For the Future of our Custer Gallatin National Forest Wildlands
Act today to protect the Gallatins, Madisons, Crazies, and other beloved places in southern Montana
Encompassing everything from soaring alpine peaks near Bozeman to sandstone outcroppings in the prairies around Ekalaka, the Custer Gallatin National Forest (CGNF) is one of the most diverse national forests in the country. The U.S. Forest Service is currently in the midst of revising its plan for managing this 3 million-acre national forest that spans across the southern portion of Montana, from West Yellowstone to South Dakota. The Forest Service recently released a draft of the revised plan, and opened up a 90-day comment period in which the public is welcome to weigh in and submit comments on the draft.
Nothing less than the wild legacy of southern Montana is at stake in the outcome of this forest planning revision, which may or may not mandate the Forest Service to protect the Gallatin Range, the Crazy Mountains, the Pryor Mountains, and other revered wildlands in the Forest for the next 20 to 30 years. That makes it imperative that those who care about the preservation of wildlands across southern Montana to submit comments.
The deadline for comments is June 6th, 2019. Submit your comment today.
The draft plan includes five different alternatives, each of which provides options for how the Forest Service could manage the CGNF for decades to come. The Forest Service can pick and choose specific points from each of the alternatives to formulate a final decision, so it’s important to tell the Forest Service what parts of each alternative best protects our wilderness heritage.
We know you care about the wild country in the CGNF, so this is your opportunity to shape its future. The good news is that we’re here to make participating in the planning process as simple as possible. Your comments can have a big impact on the final decisions made by the Forest Service to protect wildlands, clean drinking water, wildlife habitat, and recreation opportunities. Looking at the maps of alternatives in Appendix A of the DEIS might be helpful.

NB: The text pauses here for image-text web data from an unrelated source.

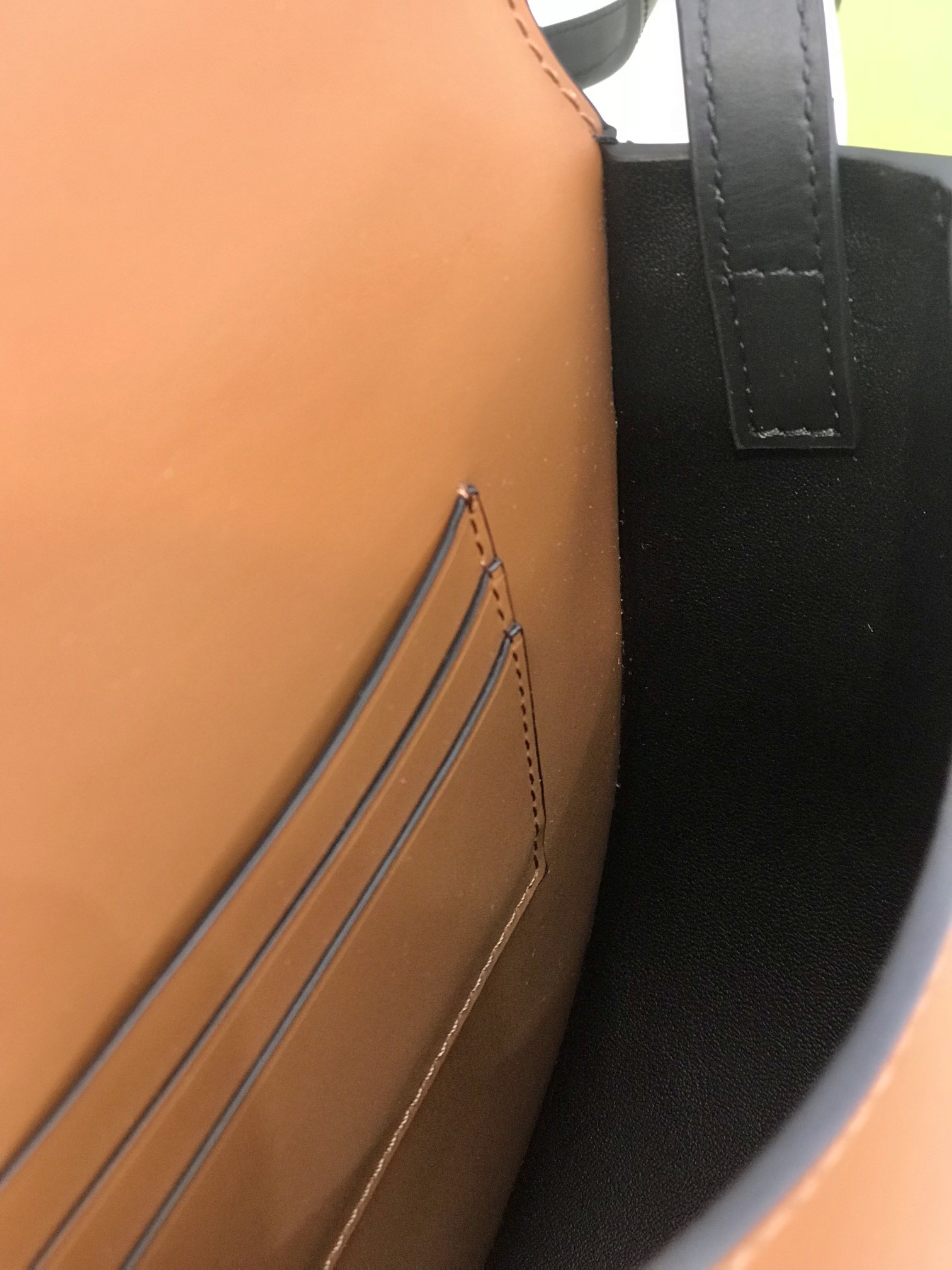 로에베 숄더 백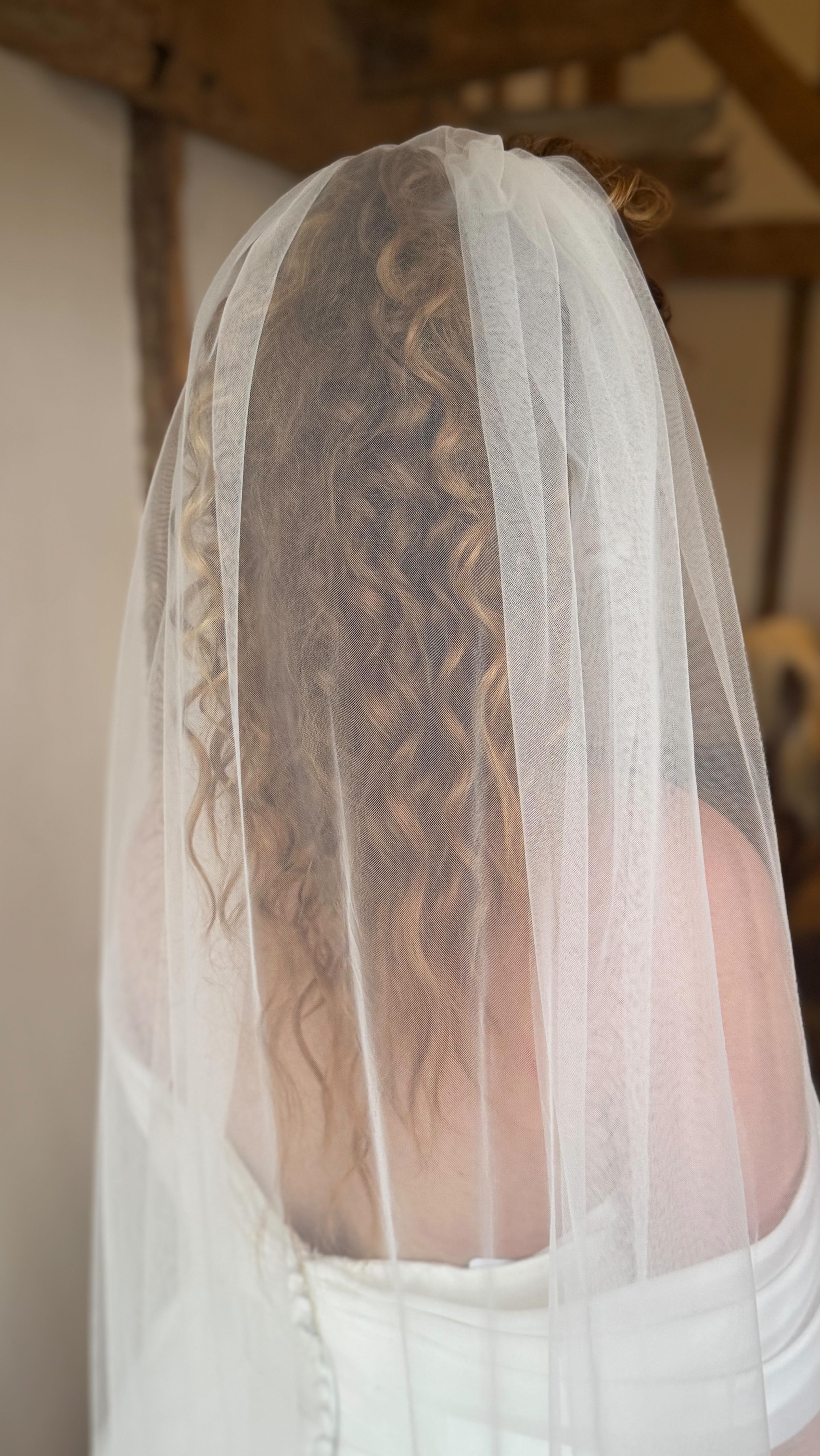 How to create those GORGEOUS afro style curls from no curl at all 🤩 and isn’t it even more beautiful on Danielle’s incredible hair colour ! You can use this technique to perfect curls that you already have as well, I’ve done this for lots of brides in the past and it looks gorgeous 🤍
Using my 10mm barrel wand by @babylissprouk, setting spray by @lorealparis, oil by @olaplex and finishing spray by @bedheadbytigi
Yes please to more of these looks this year 🙌🏻🙌🏻🙌🏻 natural is the new trend 💃🏼
Is this something you would like?? Let me know your thoughts below 👇🏻
#bridalhairstylist #bridalhairinsurrey #professionalhairphotos #hairupdos #weddinghairstylist #weddinghairupdos #bridalhairstylistwoking #bridalhairstylistsurrey #weddinghairstylistsurrey #weddinghairstylistwoking #hairstylistwoking #hairstylistinsurrey #hairstylistinguildford #melissaoldridge #hairandmakeup #weddinghairandmakeupartist #weddinghairandmakeupideas #weddinghairideas #weddinghairupdos #weddinghairupdoideas #somersburybarn #curlyhair #naturalcurls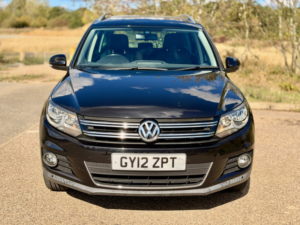 2012 Volkswagen Tiguan 2.0 Tsi Se in Black — image 6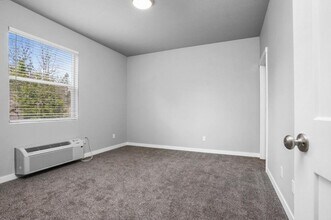 4445 Sunnyside Rd SE in Salem, OR - Foto de edificio - Building Photo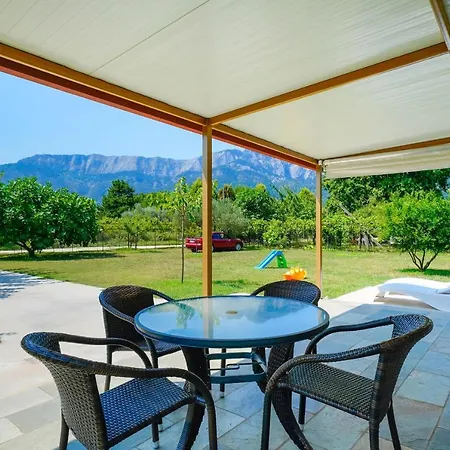 Nyaraló Semiramis *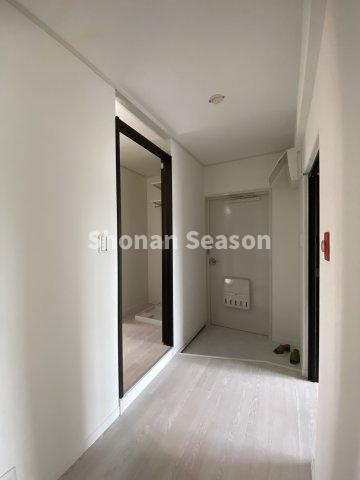 【玄関】 | 全居室収納が備わった、セカンドハウスにもおすすめな２LDKです。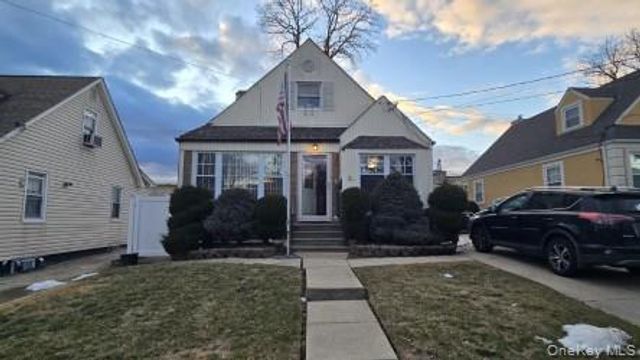 32 Butler Boulevard, Elmont, NY 11003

In the draft, the Forest Service has proposed to protect many of the areas we think deserve it, but the agency still has some work to do. Please join us in supporting the following recommendations that will help ensure that the final plan offers protection for some of southern Montana’s wildest places:
- Protect the Crazy Mountains to preserve their outstanding wilderness values and manage the area in close consultation with the Crow Nation
- Protect the following roadless areas in the Pryor Mountains as recommended Wilderness: Lost Water, Big Pryor, Punch Bowl, and Bear Canyon
- Implement the Gallatin Forest Partnership agreement
- Maintain the boundaries of the current recommended Wilderness in the Lionhead
- Retain areas currently recommended for Wilderness in the Absaroka Beartooth area, and additionally recommend Dome Mountain, Emigrant Peak, Chico Peak, Woodbine, East Rosebud to Stillwater, and Red Lodge Creek
- Manage the Tongue River Breaks, King Mountain, and Cook Mountain in the Ashland district as recommended Wilderness
- Manage recommended Wilderness just like designated Wilderness, allowing only foot and horse travel in recommended Wilderness and not allowing any mechanized or motorized use
For more information, check out this overview detailing some of the most important and sensitive areas in the CGNF and how we can protect them in the new forest plan.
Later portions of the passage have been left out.